● **Problem statement**
Your reply must contain the full listing below, reproduced exactly, but no pictures.

● **Dataset excerpt**
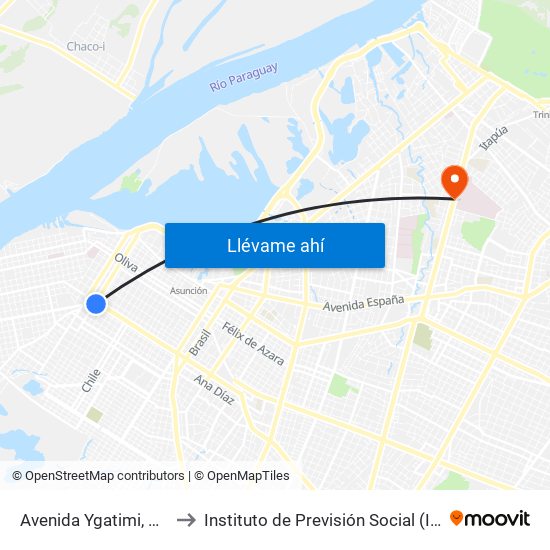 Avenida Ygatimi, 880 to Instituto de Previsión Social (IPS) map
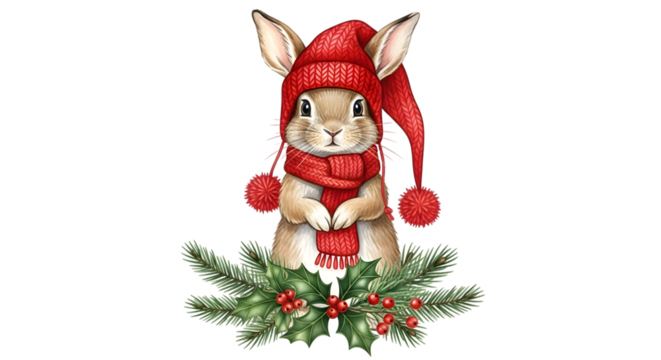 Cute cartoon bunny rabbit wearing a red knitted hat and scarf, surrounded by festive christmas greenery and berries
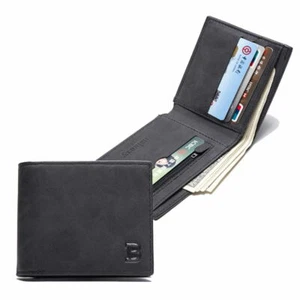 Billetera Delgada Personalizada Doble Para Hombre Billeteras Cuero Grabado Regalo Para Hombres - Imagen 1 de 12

● **Task response**
 Avenida Ygatimi, 880 to Instituto de Previsión Social (IPS) map
 Cute cartoon bunny rabbit wearing a red knitted hat and scarf, surrounded by festive christmas greenery and berries
 Billetera Delgada Personalizada Doble Para Hombre Billeteras Cuero Grabado Regalo Para Hombres - Imagen 1 de 12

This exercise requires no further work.